Concavity of \(g\) with respect to \(X\)

We only need to show that \(\tilde g\) is concave since \(h\) is linear with respect to \(X\). Consider the following function

\begin{align} \label{eq:linear} \phi (K,X) &\triangleq (I-KC) X (I-KC)' + KRK'\\ & = X - KCX - XC'K' + K(CXC'+R)K'. \end{align}

By completing the square, \(\phi(K,X)\) can be rewritten as

\begin{equation} \label{eq:linear2} \phi(K,X) = \tilde g(X) + (K-K_*) (CXC'+R)^{-1}(K-K_*)', \end{equation}

where \(K_* = XC'(CXC'+R)^{-1}\).
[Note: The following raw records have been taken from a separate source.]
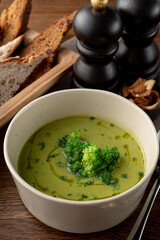Close up green cream soup with olive oil swirls on it, soft light, autumn cozymeal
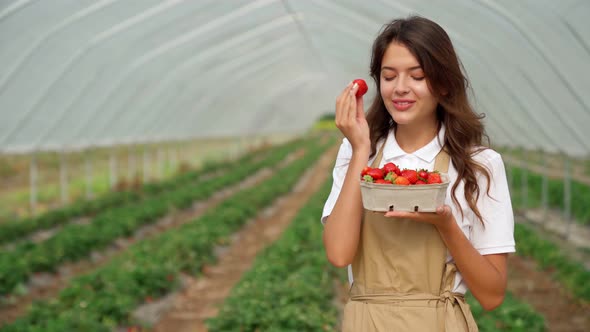 Cute Woman Smiling and Admiring Fresh Tasty Strawberry alt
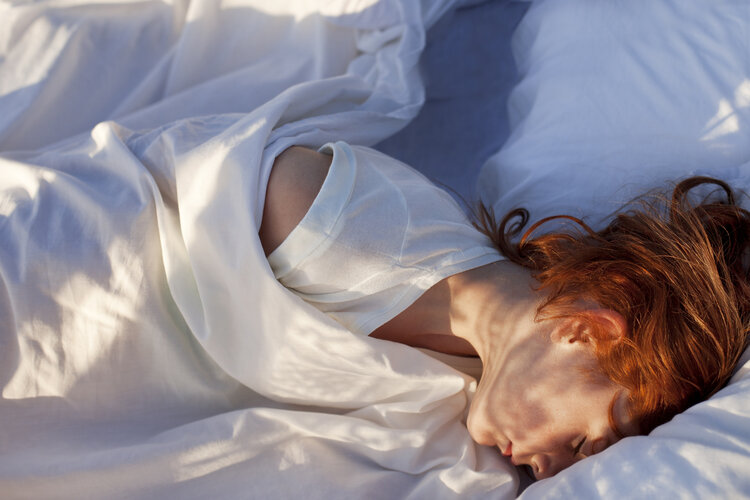 Woman with red hair sleeping in a bed with white sheets and a thin white shirt in soft, diffused natural light; portrait orientation.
Therefore,

\begin{align} \label{eq:riccatilinear} \tilde g(X) = \min_{K} \phi(K,X). \end{align}

Since \(\phi(K,X)\) is linear with respect to \(X\) for a fixed \(K\), \(\tilde g(X)\) is concave with respect to \(X\).

The fixed point \(X = g(X)\)

It is well known that if the matrix pair \((A,C)\) is detectable, then the equation \(X = g(X)\) has a unique positive definite solution, which we will denote as \(X_*\).

Let \(X_0 = 0\) and denote \(X_{k+1} = g(X_k)\). Clearly \(X_0 \leq X_*\) and \(X_0 \leq X_1\). Now apply \(g\) on both sides of the inequalities, we have \[ g(X_0) \leq g(X_*),\,g(X_0)\leq g(X_1). \] Notice that \(g(X_0) = X_1,\,g(X_1) = X_2\) and \(g(X_*) = X_*\). Therefore, we have the following chain of inequalities \[ X_0 \leq X_1 \leq X_2 \leq \dots \leq X_*. \]

Since \(\{X_k\}\) is an increasing sequence with an upper bound, \(\{X_k\}\) has a limit, which we can denote as \(X_\infty\). Now by the fact that \(g\) is continuous, \(X_\infty = g(X_\infty)\). Finally, be the fact that \(X_*\) is the unique fixed point, we have that \(X_\infty = X_*\).

Similar trick can be applied to the case where we can find an \(X_1 = g(X_0) \leq X_0\). In that case, we know that \(X_*\) must be no greater than \(X_0\).

Therefore, we can establish the equivalency of the following statements:

  1. \(X_* \leq P\)
  2. There exists an \(X_0 \leq P\), such that \(X_1 = g(X_0) \leq X_0\).

We already proved that Statement 2 implies 1. On the other hand, if Statement 1 holds, then \(X_* = g(X_*)\leq X_*\).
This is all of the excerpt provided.